# Showing that the directional derivative exists at a point.

• Sep 20th 2010, 07:37 PM
Pinkk
Showing that the directional derivative exists at a point.
Show that for any unit vector $\displaystyle u$, the directional derivative at $\displaystyle 0$ in the direction of $\displaystyle u$ exists for the function $\displaystyle f(x,y,z) = (xyz)^{1/3}$.

Okay, so maybe I'm just rusty on my multivariable calculus, but aren't each of the partial derivatives undefined at $\displaystyle (0,0,0)$? What am I missing here? And I'm missing how I would prove whether or not the function is actually differentiable at $\displaystyle (0,0,0)$.

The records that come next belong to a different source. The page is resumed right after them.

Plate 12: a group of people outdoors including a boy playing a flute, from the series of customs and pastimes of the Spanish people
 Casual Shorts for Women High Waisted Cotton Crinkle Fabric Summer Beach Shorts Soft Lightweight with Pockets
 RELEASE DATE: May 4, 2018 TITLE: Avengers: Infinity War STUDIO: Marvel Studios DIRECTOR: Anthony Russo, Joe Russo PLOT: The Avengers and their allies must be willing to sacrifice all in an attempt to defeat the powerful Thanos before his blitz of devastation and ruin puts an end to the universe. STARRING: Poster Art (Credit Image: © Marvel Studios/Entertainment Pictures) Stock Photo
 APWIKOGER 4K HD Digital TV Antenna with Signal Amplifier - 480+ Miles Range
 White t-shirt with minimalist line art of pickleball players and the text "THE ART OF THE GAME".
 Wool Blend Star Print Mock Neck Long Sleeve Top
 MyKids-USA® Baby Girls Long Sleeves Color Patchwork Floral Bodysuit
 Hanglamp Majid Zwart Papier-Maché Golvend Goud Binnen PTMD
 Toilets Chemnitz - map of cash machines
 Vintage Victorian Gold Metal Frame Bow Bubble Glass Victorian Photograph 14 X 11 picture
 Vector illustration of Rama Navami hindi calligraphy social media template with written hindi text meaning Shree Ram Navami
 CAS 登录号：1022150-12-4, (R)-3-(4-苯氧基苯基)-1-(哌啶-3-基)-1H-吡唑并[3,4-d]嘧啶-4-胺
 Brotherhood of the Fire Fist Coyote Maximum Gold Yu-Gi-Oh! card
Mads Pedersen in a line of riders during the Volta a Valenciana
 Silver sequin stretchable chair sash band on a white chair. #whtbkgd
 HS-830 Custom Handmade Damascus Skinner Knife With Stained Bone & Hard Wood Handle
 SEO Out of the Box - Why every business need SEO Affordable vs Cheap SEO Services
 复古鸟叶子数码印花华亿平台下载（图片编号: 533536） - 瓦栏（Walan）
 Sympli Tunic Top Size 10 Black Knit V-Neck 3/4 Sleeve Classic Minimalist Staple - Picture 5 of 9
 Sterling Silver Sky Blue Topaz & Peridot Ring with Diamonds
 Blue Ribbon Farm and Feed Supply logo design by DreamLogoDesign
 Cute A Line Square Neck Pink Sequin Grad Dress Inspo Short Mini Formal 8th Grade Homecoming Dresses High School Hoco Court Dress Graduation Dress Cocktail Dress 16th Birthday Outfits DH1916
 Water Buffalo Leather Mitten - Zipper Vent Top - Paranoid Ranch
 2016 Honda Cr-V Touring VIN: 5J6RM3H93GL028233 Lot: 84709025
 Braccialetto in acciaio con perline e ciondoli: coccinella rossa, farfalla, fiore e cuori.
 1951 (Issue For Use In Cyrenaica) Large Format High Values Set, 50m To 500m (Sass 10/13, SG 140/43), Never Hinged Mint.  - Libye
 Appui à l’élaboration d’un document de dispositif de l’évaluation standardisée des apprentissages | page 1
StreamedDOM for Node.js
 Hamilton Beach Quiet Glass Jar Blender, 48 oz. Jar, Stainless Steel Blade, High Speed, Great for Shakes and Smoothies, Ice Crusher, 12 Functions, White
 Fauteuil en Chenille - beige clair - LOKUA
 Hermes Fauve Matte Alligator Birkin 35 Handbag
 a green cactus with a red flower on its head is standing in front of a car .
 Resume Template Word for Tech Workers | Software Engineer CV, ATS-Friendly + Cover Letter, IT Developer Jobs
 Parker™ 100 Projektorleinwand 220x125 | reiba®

Edit: So I realized I had to use the limit definition of directional derivative, and I got for a unit vector $\displaystyle <a,b,c>$ the directional derivative at $\displaystyle 0$ is $\displaystyle (abc)^{1/3}$ and since the gradient is undefined at $\displaystyle 0$, the gradient dotted with the unit vector is not $\displaystyle (abc)^{1/3}$ so the function is not differentiable at $\displaystyle 0$. Is this right? And for a second part where $\displaystyle f(x,y,z)=(x^{2}yz)^{1/3}$ instead, I get that the directional derivative is $\displaystyle 0$ and that once again, the gradient is undefined at $\displaystyle 0$, so the gradient dotted with the unit vector is not $\displaystyle 0$, so the function is not differentiable at $\displaystyle 0$.
• Sep 20th 2010, 09:47 PM
Jose27
Remember the definition of directional derivative in the direction $\displaystyle u: \partial_uf(x)= \lim_{h\rightarrow 0} \frac{f(x+hu)-f(x)}{h}$ where in your case is $\displaystyle x=(0,0,0)$ and $\displaystyle u=(u_1,u_2,u_3)$ now just substitute and evaluate.

Another thing is that this particular function gives a counterexample to the converse of the theorem in your other thread.